Première fois, c’est d’ailleurs le nom d’un dispositif qui va permettre à 5 000 jeunes de découvrir le festival.

Le Festival d'Avignon est une porte d'entrée pour découvrir les arts vivants. Habituellement, 15 % de notre public vient pour la première fois, c'est un festival déjà très ouvert. Par rapport à la jeunesse, c'est important d’effectuer un travail encore plus profond. Nous travaillons avec des milliers de jeunes pendant toute l'année, mais au moment du festival, c'était important pour nous d'inventer encore un projet. Il est fait pour les jeunes de 13 à 19 ans qui pensent que le festival n’est pas fait pour eux. Ils ont le droit de se sentir à l'aise dans ce festival, au même titre que les habitués qui viennent toutes les années et qu'on respecte, qu'on admire. Ces habitués sont d'ailleurs les premiers à penser qu’il faut faire venir plus de jeunes. On s'est organisé avec plusieurs partenaires dont la Région, avec plusieurs associations et fondations, d'autres théâtres et d’autres festivals pour faire venir des groupes de jeunes de toute la France. On a créé une nouvelle équipe avec des médiatrices et des médiateurs, plutôt jeunes eux aussi, qui vont les amener voir des spectacles, rencontrer les artistes, faire des activités de médiation. Ce qui est très important, c’est d’avoir un espace public de parole sur le festival. L’idée c’est de répondre à toutes les questions qu’ils peuvent se poser, même si c’est « est-ce que je peux entrer en baskets dans la cour d’honneur ? » Oui, même le directeur est en baskets ! Ça poursuit la fameuse partition, que Jean Vilar a commencé à écrire quand il souhaitait que des gens très différents aient une expérience partagée en regardant un même spectacle.

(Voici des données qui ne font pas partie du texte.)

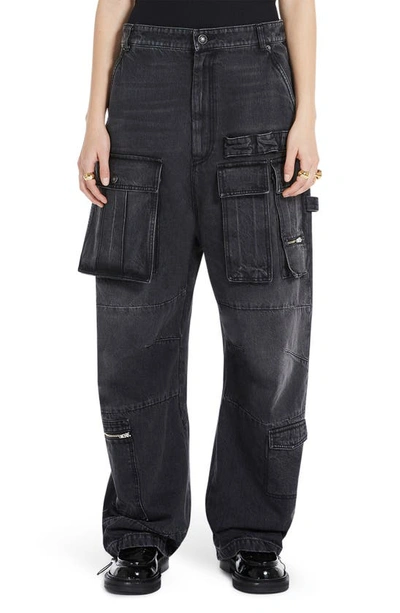 Sportmax Giraffa Patch-pocket Straight-leg Mid-rise Jeans In Black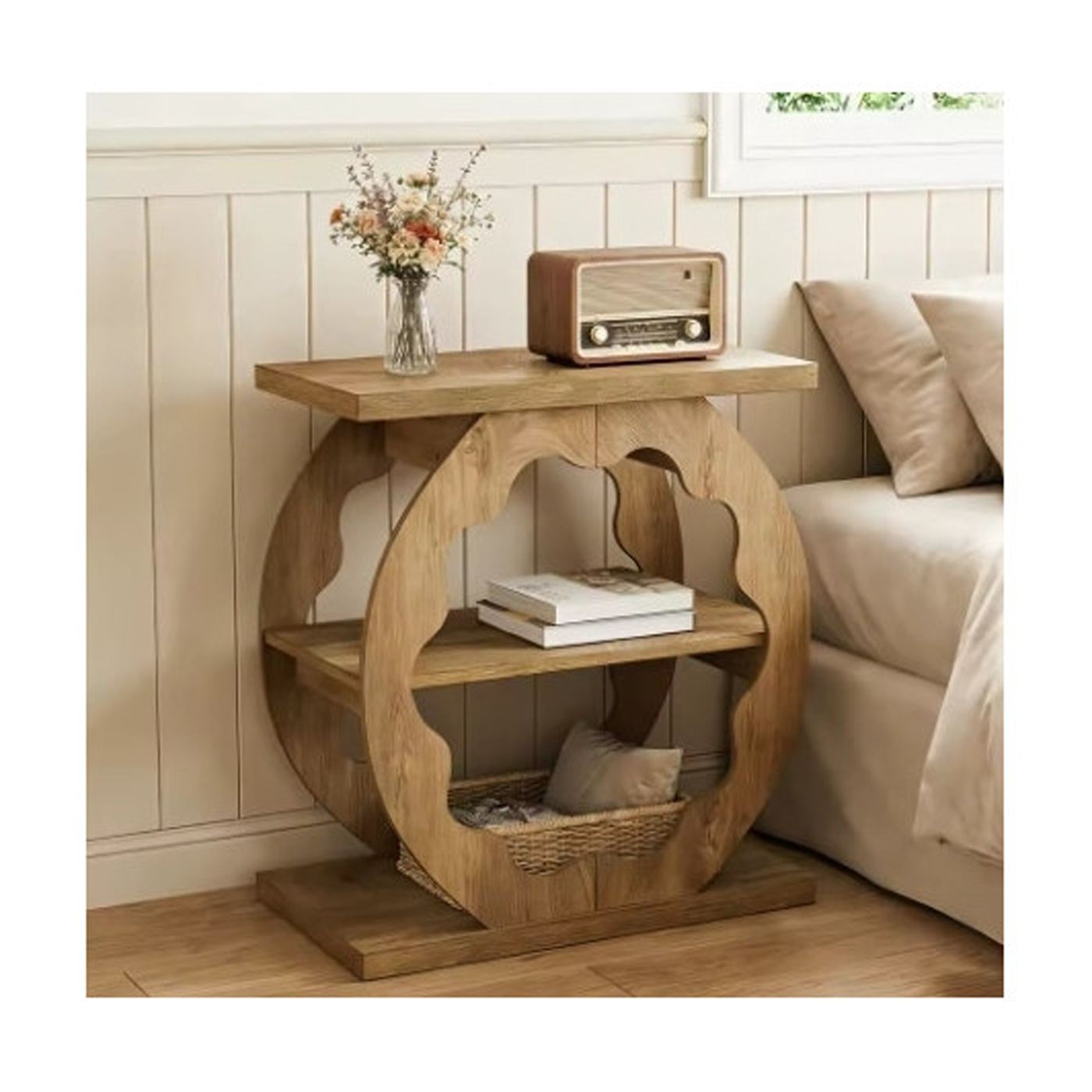 Fa konzolasztal, Blackswan Design, Woodline M4 modell, világos dió árnyalat, 60x30x65 cm - 2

Avignon, c’est aussi un bouillonnement professionnel qui se matérialise au travers des rencontres. Pourriez-vous nous en dire deux mots ?

Le Festival d'Avignon, historiquement, est un lieu de rencontre du secteur culturel et des arts vivants, pas seulement français, mais européen et international. C'est peut-être le festival qui concentre le plus de professionnels de ce secteur au monde. Il y a plein de découvertes professionnelles, de débats qui se font. C'est vraiment un forum modélisant qui change chaque année les grands paris, les grands chantiers du secteur culturel en France et ailleurs. Ils pourront se rencontrer, notamment à la Maison des professionnels que nous organisons avec l’ISTS ou au Café des idées auquel la Région Sud participe. Le festival, sans devenir un marché dans le pire sens du mot, est un levier d'internationalisation de la création française, qui donne à voir son immense richesse.